What most conservatives don’t seem to realize is how much they have in common with the man — from his calls for black entrepreneurship to his idea of black empowerment through education.

Malcolm passionately advocated for black Americans to focus on self-improvement, instead of relying on white people, to gain self-respect. He called on black men to start their own businesses, to hire other black people to give them a hand up and for those living in poverty stricken areas to get their lives back on track.

“The black man in the ghettos, for instance, has to start self-correcting his own material, moral and spiritual defects and evil,” Malcolm wrote in “The Autobiography of Malcolm X.” “The black man needs to start his own program to get rid of drunkeness, drug addiction, prostitution. The black man in America has to lift up his own sense of values.”

Education was also crucial to Malcolm’s philosophy: He believed, as conservatives do, it could be a source of power for black Americans. He eviscerated the public school system in America, saying it was inadequate for educating black students, and called for schools to come under the control of the black community who would educate their own.

“Our children are being criminally shortchanged in the public school system of America,” he said in a 1964 speech. “The Afro-American schools are the poorest run schools in the city of New York.”

He also joined the Nation of Islam, a religious group that University at Buffalo Professor Victoria Wolcott believes espoused values that many conservatives can agree with, such as gender roles and strong fidelity in relationships.
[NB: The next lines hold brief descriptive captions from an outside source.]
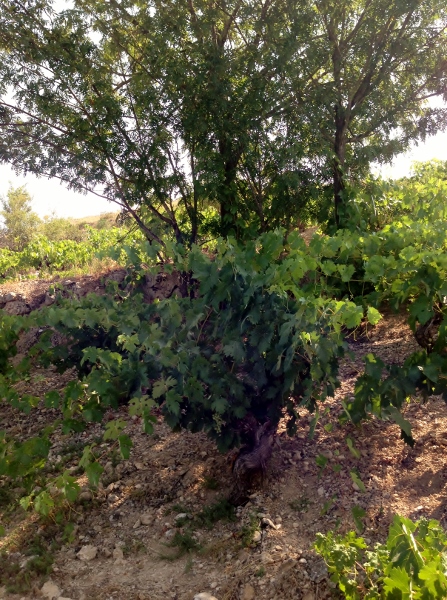 Jerôme_Bougnaud_viña_Galia_naturaleza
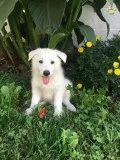 Dogs and puppies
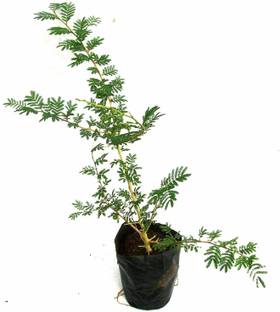 greenhousestore Shami/Jand Plant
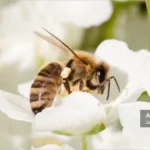 نقش تنوع گرده در تغذیه و سلامت زنبور عسل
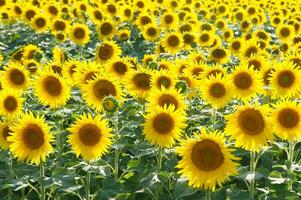 a large field of sunflowers is shown in this photo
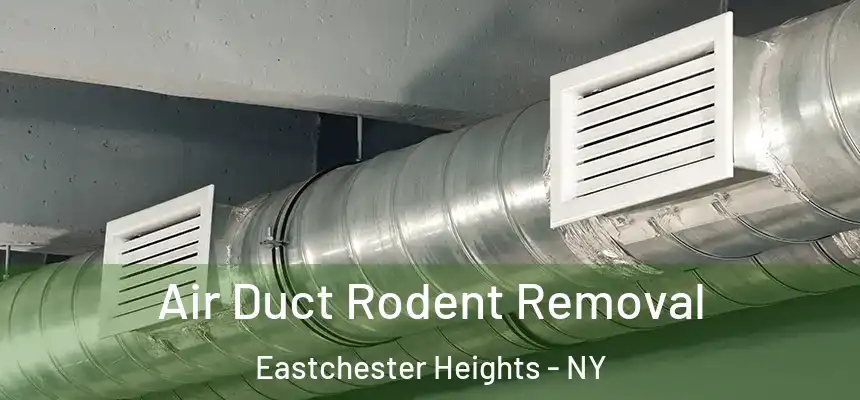  Air Duct Rodent Removal Eastchester Heights - NY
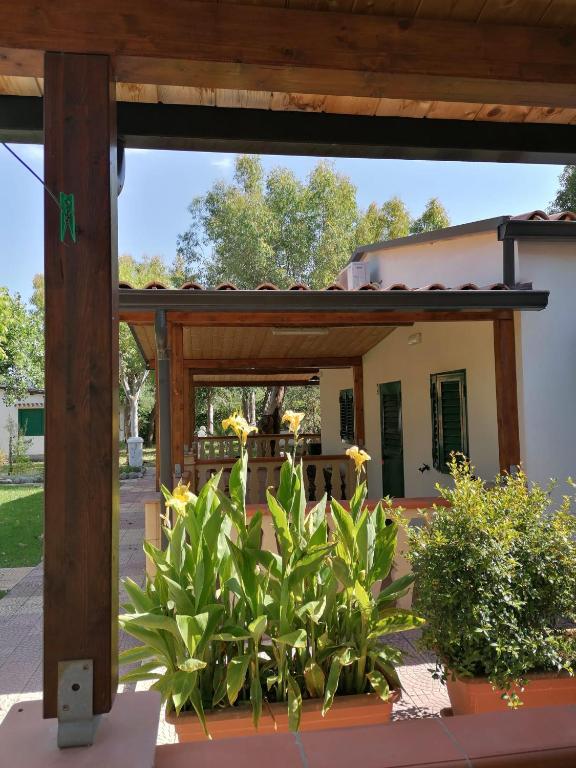nina's house , villa verde 1 beach - B&B Santa Caterina dello Ionio Marina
“With Malcolm X and the Nation of Islam, this is a very conservative religious group. It’s a black nationalist religious group with very strict rules on gender roles, about fidelity and no alcohol, various kinds of aesthetic practices that are quite strict and very much kind of conformed to mainstream or conservative cultural values,” Wolcott said to TheDCNF.

American history is filled with influential men who, while making huge contributions to our country, often made dubious moral choices. If those men are part of our American history, in the minds of conservatives, why can’t conservatives re-examine or even give a valid place in history to our nation’s black leaders?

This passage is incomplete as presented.